### Extracted data

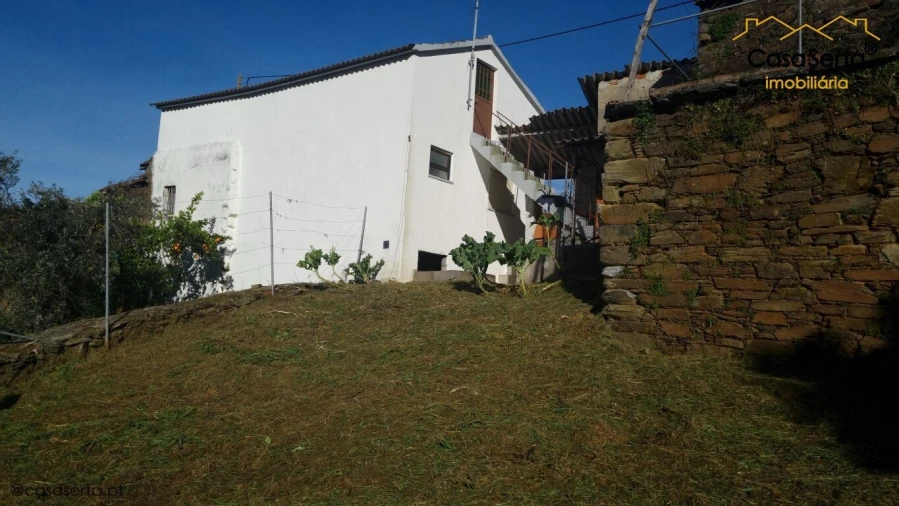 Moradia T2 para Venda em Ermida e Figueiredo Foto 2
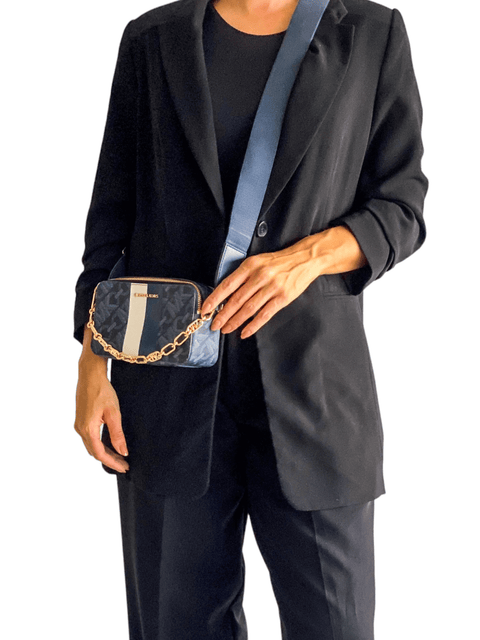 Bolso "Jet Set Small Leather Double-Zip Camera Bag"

---

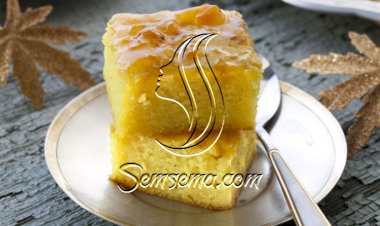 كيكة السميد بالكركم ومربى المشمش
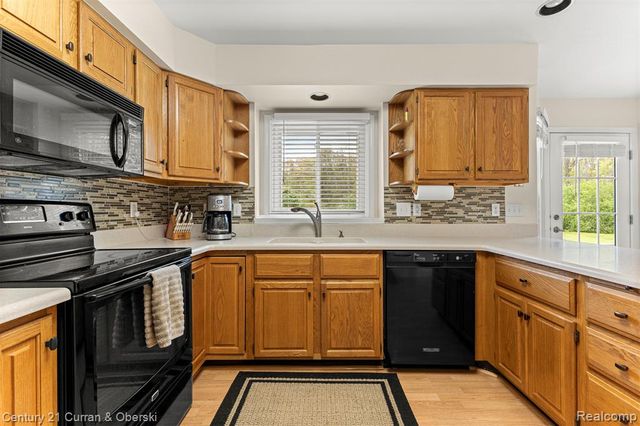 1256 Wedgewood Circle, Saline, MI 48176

### Brief
The result should be an exact copy of only the lines above from the one that holds "كيكة السميد بالكركم ومربى المشمش" through the one that holds "1256 Wedgewood Circle, Saline, MI 48176", both ends included, without pictures.

### Reply to the exercise
 كيكة السميد بالكركم ومربى المشمش
 1256 Wedgewood Circle, Saline, MI 48176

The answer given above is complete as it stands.